**Exercise instructions:**
Lines from the one containing "We're going to add" through the final line of the data, restated word for word and free of pictures, make up the whole answer.

**Information supplied:**

########

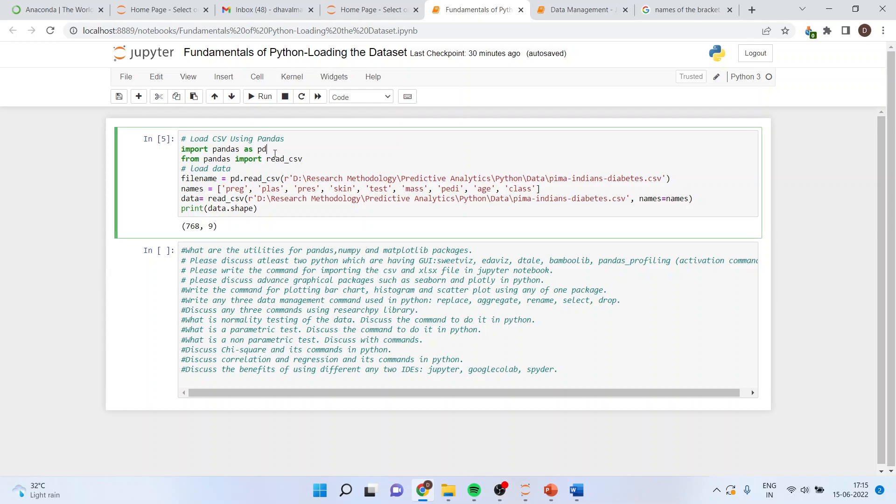we will be requiring the library that is pandas. So, first of all, import pandas as pd. From pandas, import read underscore csv file. If you are having an xls file, make sure that you use xls extension.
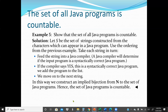Example 5: The set of all Java programs is countable. Let S be the set of strings constructed from characters which can appear in a Java program. Using the ordering from the previous example, take each string in turn and feed it into a Java compiler. The Java compiler will determine if the input is a syntactically correct Java program. If the compiler says yes, we add the program to the list, then keep moving to the next string until we finish. In this way, we construct an implied bijection from ℕ to the set of Java programs. Hence, the set of Java programs is countable.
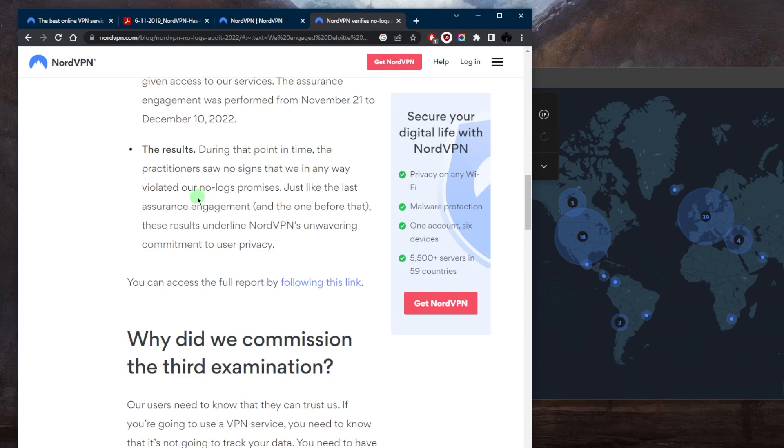just like the last assurance engagement and the one before that. These results underline NordVPN's unwavering commitment to user privacy.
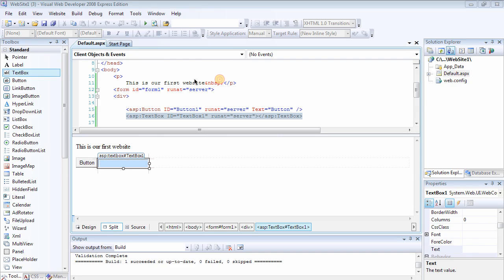And what are the elements in this side—properties and the solution explorer and the toolbox and everything that you need to know in order to develop ASP.NET websites. So if you enjoyed this video, then you should watch the next video. Thank you.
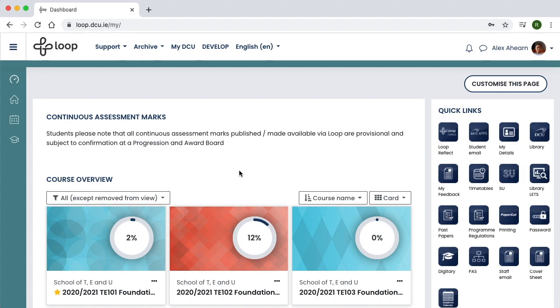The purpose is to allow you to easily see all your feedback in one place, to get an overall view of your progress and to identify trends and patterns in your feedback across modules.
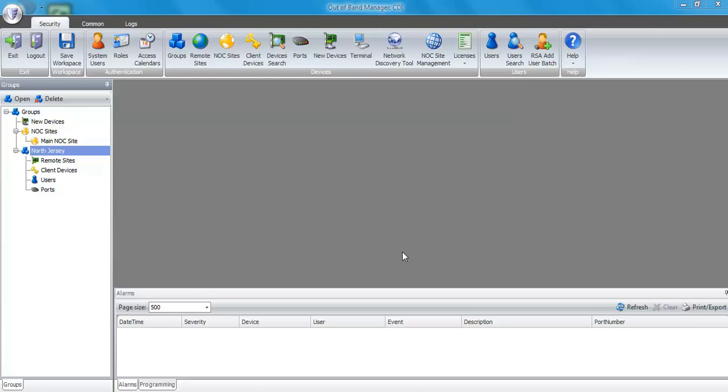We're going to add a remote site. To do so, you click on remote sites in the security toolbar.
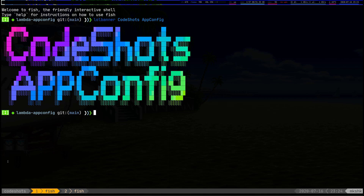Hello and welcome to Code Shots, a series on YouTube where I show you some code. Today we're going to have a look at app config and Lambda functions. In essence, I've deployed a serverless application running on a Lambda function and I'm going to do some configuration items on it through app config.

########

**Response to this exercise:**
We're going to add a remote site. To do so, you click on remote sites in the security toolbar.
Hello and welcome to Code Shots, a series on YouTube where I show you some code. Today we're going to have a look at app config and Lambda functions. In essence, I've deployed a serverless application running on a Lambda function and I'm going to do some configuration items on it through app config.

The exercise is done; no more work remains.